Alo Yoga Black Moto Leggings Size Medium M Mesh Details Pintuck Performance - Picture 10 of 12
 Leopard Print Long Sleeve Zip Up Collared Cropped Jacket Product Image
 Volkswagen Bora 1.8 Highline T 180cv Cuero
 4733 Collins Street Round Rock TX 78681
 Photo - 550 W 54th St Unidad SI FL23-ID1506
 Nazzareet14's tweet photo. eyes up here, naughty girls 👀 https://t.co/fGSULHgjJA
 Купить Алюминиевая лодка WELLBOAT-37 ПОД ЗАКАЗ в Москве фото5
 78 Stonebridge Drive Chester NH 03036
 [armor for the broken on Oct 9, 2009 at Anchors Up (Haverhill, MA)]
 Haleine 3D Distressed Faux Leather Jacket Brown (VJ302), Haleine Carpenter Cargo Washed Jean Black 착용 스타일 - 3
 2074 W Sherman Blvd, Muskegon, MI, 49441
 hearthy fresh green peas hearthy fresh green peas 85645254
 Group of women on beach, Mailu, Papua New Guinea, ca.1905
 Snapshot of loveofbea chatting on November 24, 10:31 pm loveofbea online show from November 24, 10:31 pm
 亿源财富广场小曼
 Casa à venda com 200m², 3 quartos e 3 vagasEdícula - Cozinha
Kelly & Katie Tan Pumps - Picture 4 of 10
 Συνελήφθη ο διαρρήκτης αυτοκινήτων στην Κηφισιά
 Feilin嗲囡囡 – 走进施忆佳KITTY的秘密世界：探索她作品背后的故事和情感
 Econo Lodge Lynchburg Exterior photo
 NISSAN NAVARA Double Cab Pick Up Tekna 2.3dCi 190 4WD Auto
◆ ◆ ◆ ◆ ◆ ◆ ◆
Beginning at the line that holds "Feilin嗲囡囡 – 走进施忆佳KITTY的秘密世界：探索她作品背后的故事和情感", reproduce each line of the records above down to and including the last one.

**Task response:**
 Feilin嗲囡囡 – 走进施忆佳KITTY的秘密世界：探索她作品背后的故事和情感
 Econo Lodge Lynchburg Exterior photo
 NISSAN NAVARA Double Cab Pick Up Tekna 2.3dCi 190 4WD Auto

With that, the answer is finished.